Las 6.000 niñas que ISIS vende en mercados como esclavas sexuales. [Capítulo 16 de La Batalla por Mosul].

Alberto Sicilia / MOSUL (Irak)

El modus operandi del ISIS cada vez que alcanzaba una aldea yazidí era sistemático: primero separar a los hombres de las mujeres, a continuación fusilar a los hombres (obligando a las mujeres a ser testigos de cómo mataban a sus padres, maridos y hermanos) y luego secuestrar a las mujeres.

Las llevaban a cárceles, donde los militantes de ISIS eran los primeros en elegir la que les gustase.

“Las primeras 12 horas después del secuestro eran puro terror. Cuando alguien del ISIS elegía a una chica, la habitación se llenaba de gritos. Su madre la agarraba desesperada para que no se la llevasen. Las separaban y luego le daban una paliza a la madre.”

“Recuerdo a un hombre que tendría unos 40 años. Eligió a una niña de 10. Cuando ella se le resistió, él empezó a lanzarle piedras. La hubiese matado si al finalmente no se hubiese ido con él.”

“Muchas niñas se hacían heridas en la cara con la esperanza de resultar menos atractivas.”

“Cuando estábamos en la cárcel, tenía tanto miedo de que se llevasen a mi hija y nos separasen que la obligué a practicar sexo con uno de los prisioneros. Pensé que al no ser virgen ya no se la llevarían, ya no la venderían como esclava. No tenía otra opción. Pero la he roto por dentro.”

Las que no eran elegidas por militantes del ISIS eran vendidas como esclavas. Allí había ginecólogos que las examinaban y separaban a las vírgenes que, como anunciaban los carteles que colgaban de sus cuellos, tenían un precio mucho más alto.

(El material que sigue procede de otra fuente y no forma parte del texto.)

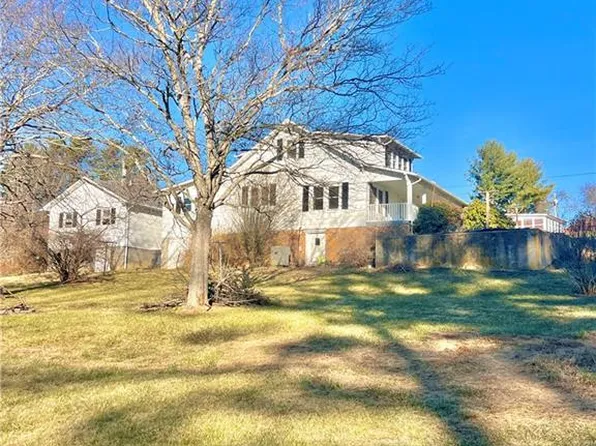 53 Wagoner St, Sparta, NC 28675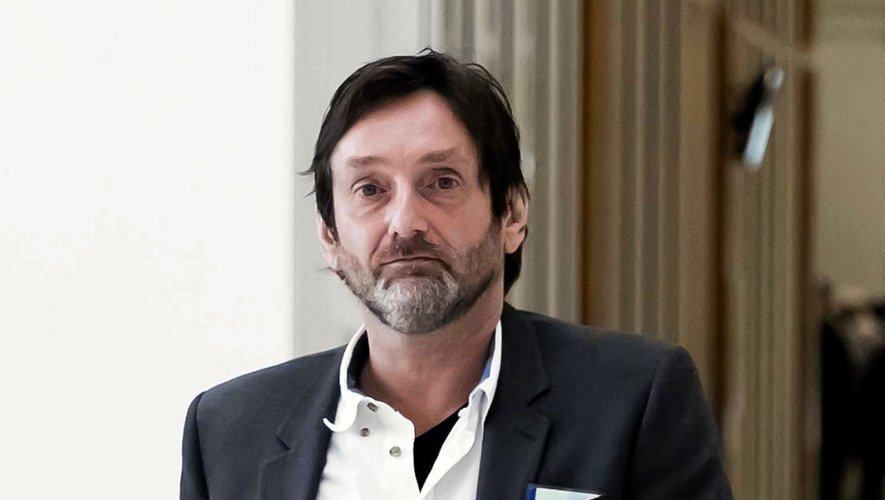 L&rsquo;acteur Pierre Palmade est arrivé ce lundi 9 décembre à la prison de Bordeaux-Gradignan (Gironde) pour y être incarcéré. L&rsquo;humoriste de 56 ans a été condamné, le 20 novembre dernier, à cinq ans d’emprisonnement dont deux fermes, après un violent accident routier sous drogues survenu en 2023. Il n’avait pas fait appel de sa condamnation. Il pourra demander une remise de peine à partir de l’été 2026.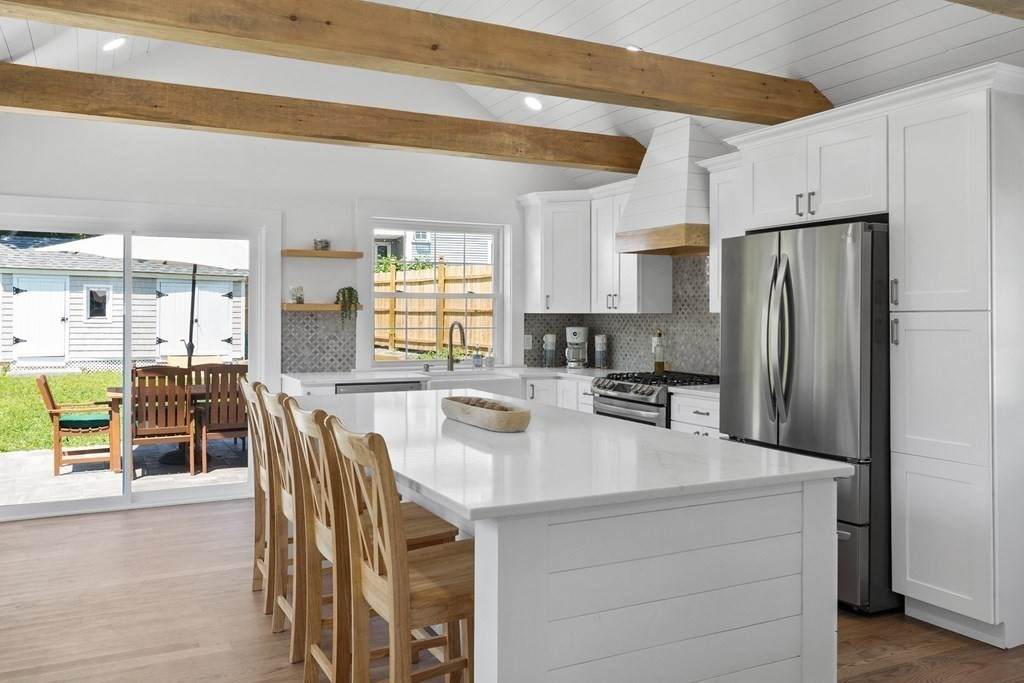 6 Stenbeck Pl - Photo 1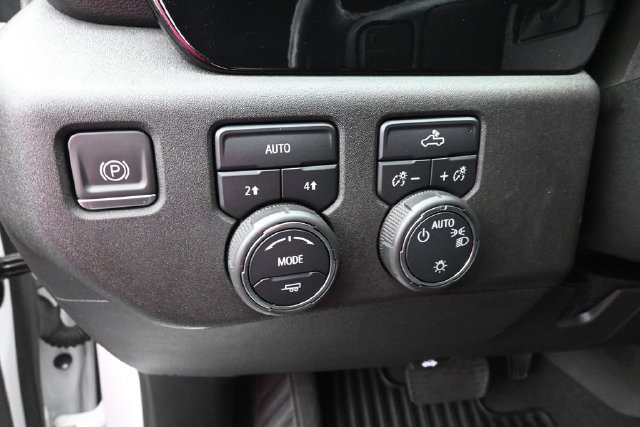 Used 2022 Chevrolet Silverado 1500 LT AWD/4WD image 25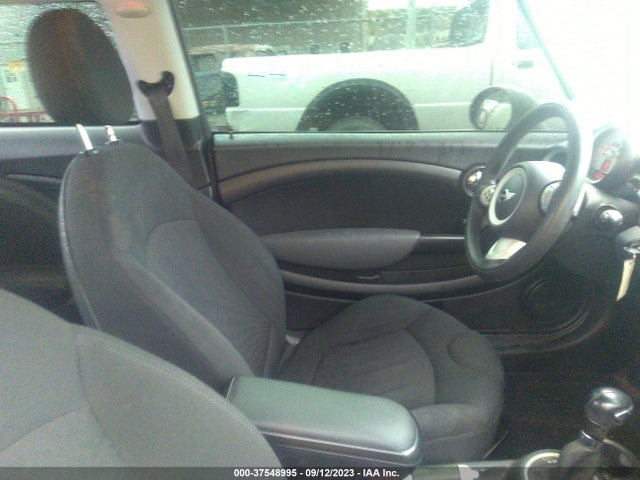 2008 MINI COOPER HARDTOP WMWMF33538TT60489 Photo 4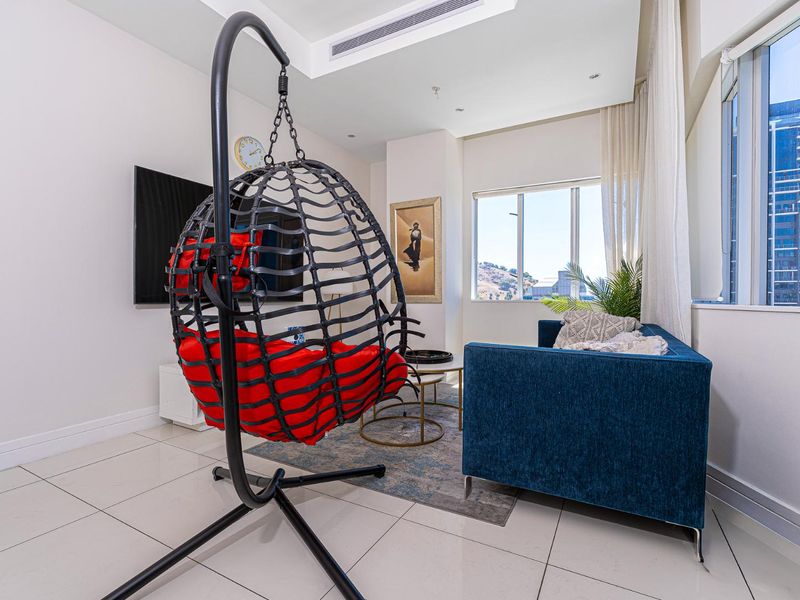 Stunning Apartment in Central Cape Town - Photo 3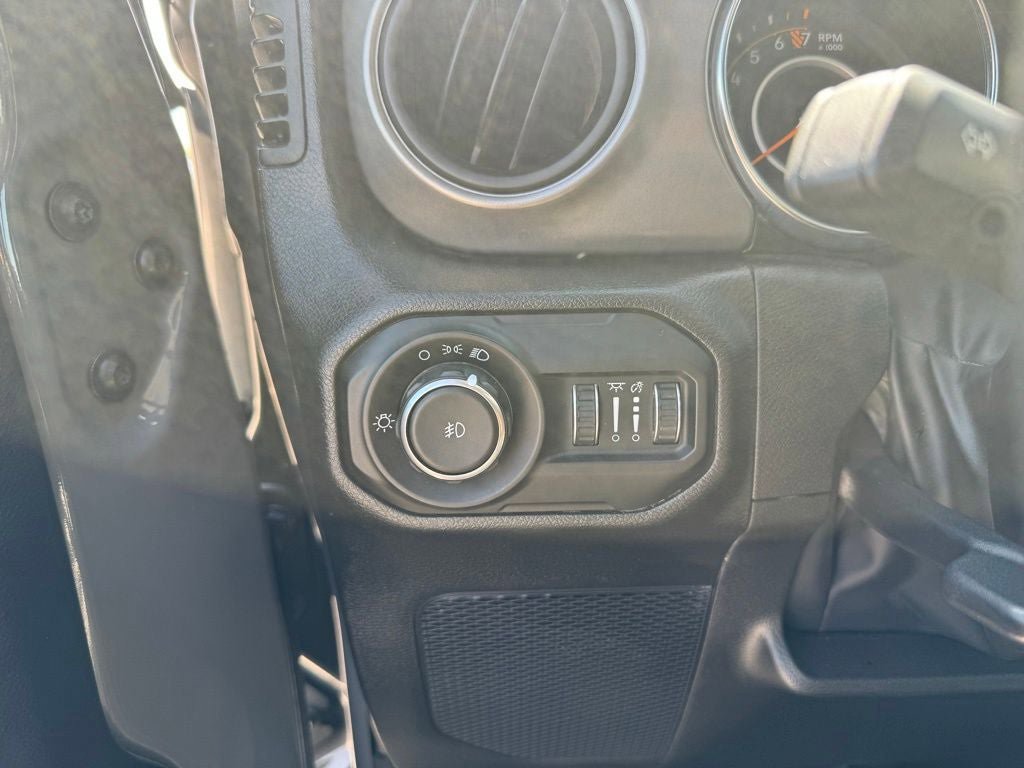 Used 2022 Jeep Wrangler Sport AWD/4WD image 21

También se podían comprar y vender a través de WhatsApp o Telegram:

“Compartían fotos de las niñas, con mucho maquillaje y vestidas en lencería. Pedían unos 2.000 dólares por cada una, excepto por las vírgenes que costaban alrededor de 10.000 dólares.”

En un vídeo aparecido a finales del 2014 un grupo de jóvenes barbudos, sentados en un sofá y vistiendo atuendos militares, bromean: “Hoy es el día de la distribución. Puedes vender a tu esclava o dársela a otro como regalo. Puedes hacer lo que quieras con ella.”

Las que se negaban a practicar sexo eran ejecutadas. Otras decidieron suicidarse antes que ser violadas.

Algunas decidieron escapar, caminando por la noche campo a través, para evitar los checkpoints del ISIS hasta llegar a la seguridad de los peshmerga kurdos.

Otras familias lograron recuperar a sus hijas a través de traficantes, pero muy pocas tienen los 30.000 dólares que suelen pedir los contrabandistas.

“Durante los primeros días de mi libertad, me sentí aliviada y feliz por volver a estar con mi familia. Pero poco a poco, el alivio se fue convirtiendo en shock y en imposibilidad de comunicarme. Tengo pesadillas y flashbacks, mi estado mental cada vez se va deteriorando más. Cada vez estoy más segura de que nunca me recuperaré. Aunque vuelva a enamorarme, habrá siempre algo dentro de mí que está profundamente roto”.